Start of Block
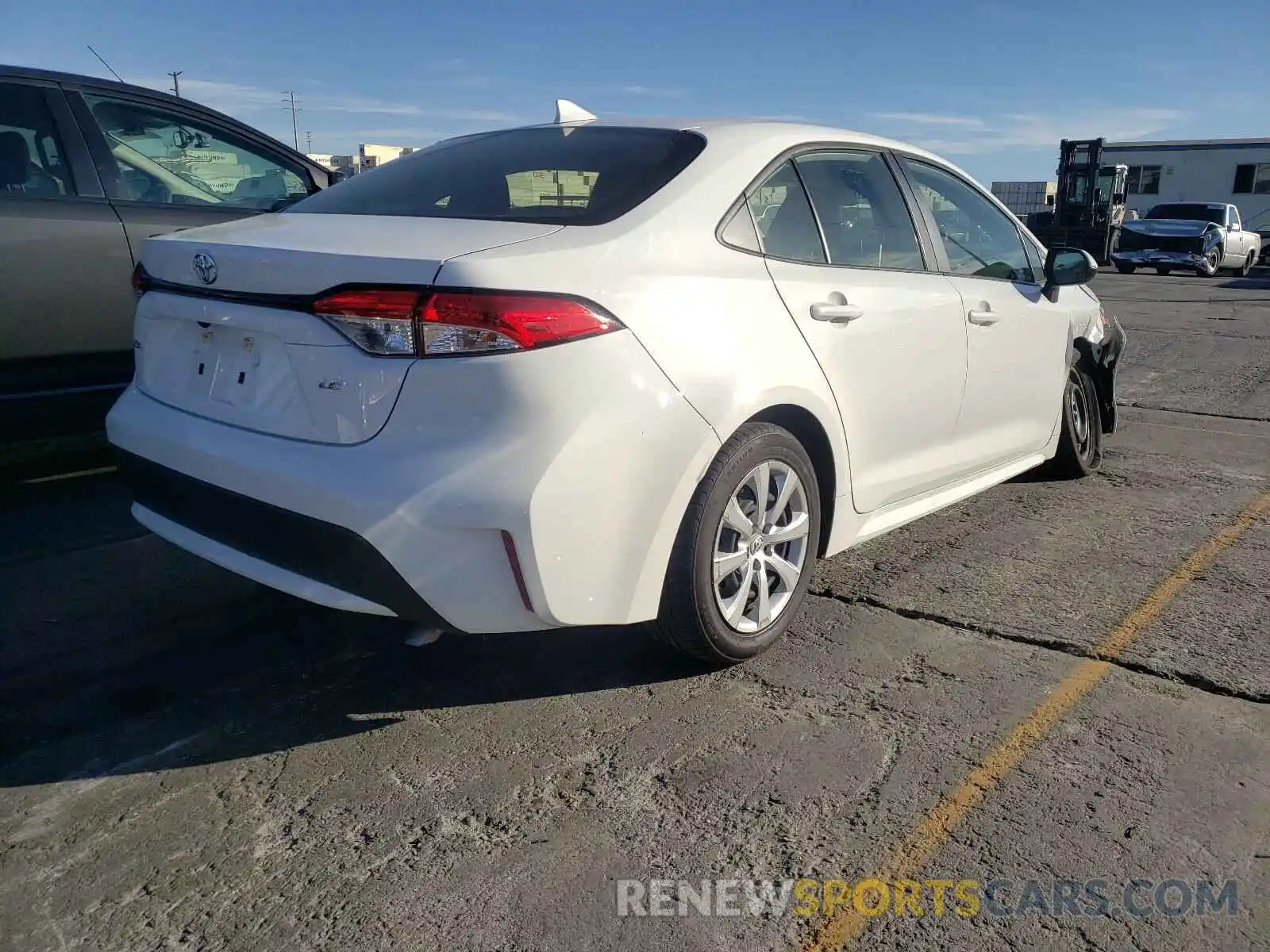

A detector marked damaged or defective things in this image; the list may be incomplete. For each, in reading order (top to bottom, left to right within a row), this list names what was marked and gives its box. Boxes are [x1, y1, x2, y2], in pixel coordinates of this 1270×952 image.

dark damaged truck [1112, 202, 1260, 275]
damaged rear wheel [1046, 363, 1097, 479]
pavement crack [807, 589, 1264, 711]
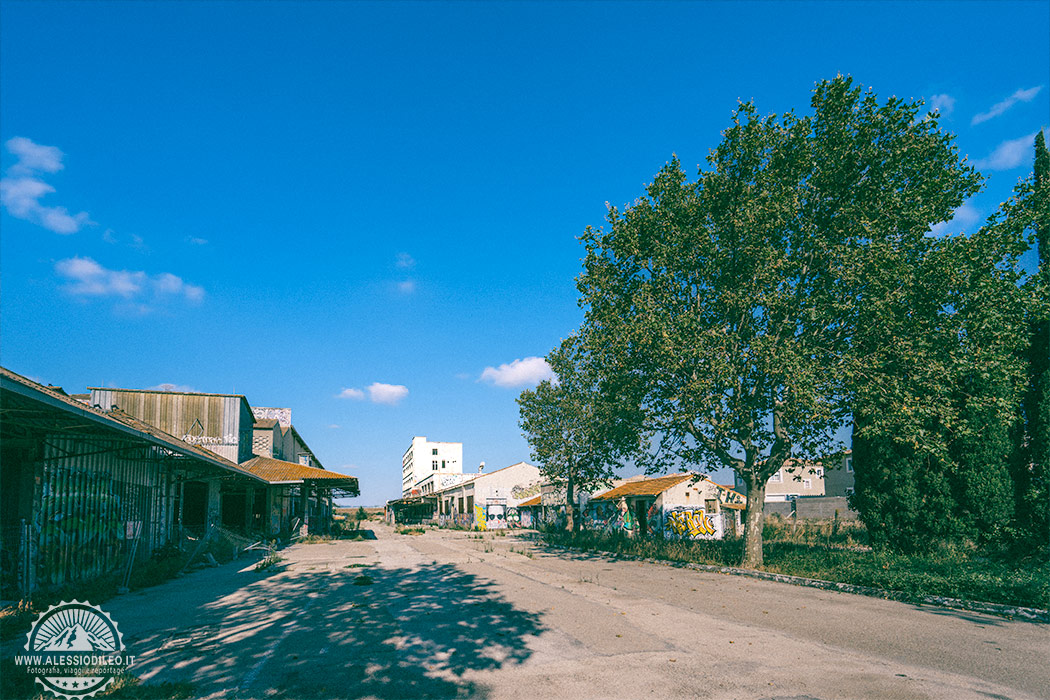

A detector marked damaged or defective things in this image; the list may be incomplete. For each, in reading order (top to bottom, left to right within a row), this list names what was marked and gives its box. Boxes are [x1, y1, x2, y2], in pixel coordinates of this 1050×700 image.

rusty corrugated roof [243, 454, 360, 486]
rusty corrugated roof [592, 474, 692, 500]
cracked concrete road [94, 524, 1040, 700]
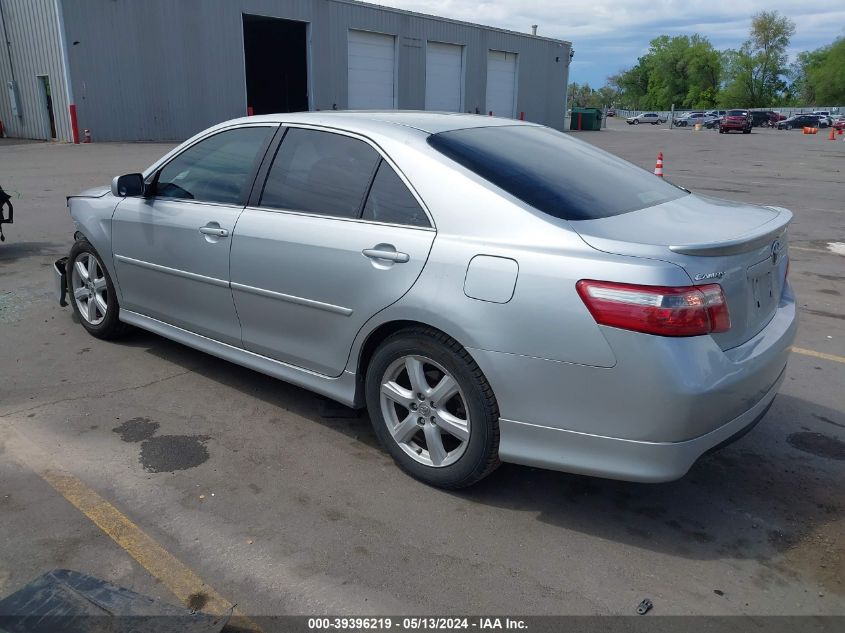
End of Block
Restate the lines above exactly, from the one bearing "this 1050×700 image." through the final line of the material, both included, omitting pictures.

A detector marked damaged or defective things in this image; the list may be incomplete. For each, in reading order (top to bottom, left to right within a row), this list names what was marked and gives its box. Boxes are [x1, y1, x2, y2], in pixel coordinates of this 1050×700 image.

rusty corrugated roof [243, 454, 360, 486]
rusty corrugated roof [592, 474, 692, 500]
cracked concrete road [94, 524, 1040, 700]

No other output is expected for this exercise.